== TASK DIRECTIONS ==
The required output consists solely of the lines from the line containing "Used 2024 Nissan Frontier SL RWD image 17" through the end of the records, copied exactly.

== INPUT DATA ==
= = =

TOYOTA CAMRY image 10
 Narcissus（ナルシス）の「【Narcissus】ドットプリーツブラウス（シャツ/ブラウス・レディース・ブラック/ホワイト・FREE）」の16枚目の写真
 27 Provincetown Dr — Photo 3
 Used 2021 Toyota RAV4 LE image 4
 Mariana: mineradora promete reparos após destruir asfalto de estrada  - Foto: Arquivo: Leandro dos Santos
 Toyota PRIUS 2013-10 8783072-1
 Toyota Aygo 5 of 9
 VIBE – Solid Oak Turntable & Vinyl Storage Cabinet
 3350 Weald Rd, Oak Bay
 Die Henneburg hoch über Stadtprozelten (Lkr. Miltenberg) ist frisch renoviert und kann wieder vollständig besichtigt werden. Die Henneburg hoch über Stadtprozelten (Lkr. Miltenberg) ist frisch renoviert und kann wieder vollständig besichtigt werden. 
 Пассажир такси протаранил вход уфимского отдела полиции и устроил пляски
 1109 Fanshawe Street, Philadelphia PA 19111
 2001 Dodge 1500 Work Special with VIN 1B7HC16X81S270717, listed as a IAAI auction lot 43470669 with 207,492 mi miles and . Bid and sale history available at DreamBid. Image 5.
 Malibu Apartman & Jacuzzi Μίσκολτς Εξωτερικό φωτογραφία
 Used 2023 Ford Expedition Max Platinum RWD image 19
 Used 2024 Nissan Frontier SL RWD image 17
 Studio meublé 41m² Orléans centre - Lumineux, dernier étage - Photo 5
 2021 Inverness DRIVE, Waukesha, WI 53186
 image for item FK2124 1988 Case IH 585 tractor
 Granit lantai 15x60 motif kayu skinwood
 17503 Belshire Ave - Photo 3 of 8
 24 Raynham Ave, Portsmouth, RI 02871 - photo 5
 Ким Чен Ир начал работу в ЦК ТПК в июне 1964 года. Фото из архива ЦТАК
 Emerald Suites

= = =

== ANSWER BELOW ==
 Used 2024 Nissan Frontier SL RWD image 17
 Studio meublé 41m² Orléans centre - Lumineux, dernier étage - Photo 5
 2021 Inverness DRIVE, Waukesha, WI 53186
 image for item FK2124 1988 Case IH 585 tractor
 Granit lantai 15x60 motif kayu skinwood
 17503 Belshire Ave - Photo 3 of 8
 24 Raynham Ave, Portsmouth, RI 02871 - photo 5
 Ким Чен Ир начал работу в ЦК ТПК в июне 1964 года. Фото из архива ЦТАК
 Emerald Suites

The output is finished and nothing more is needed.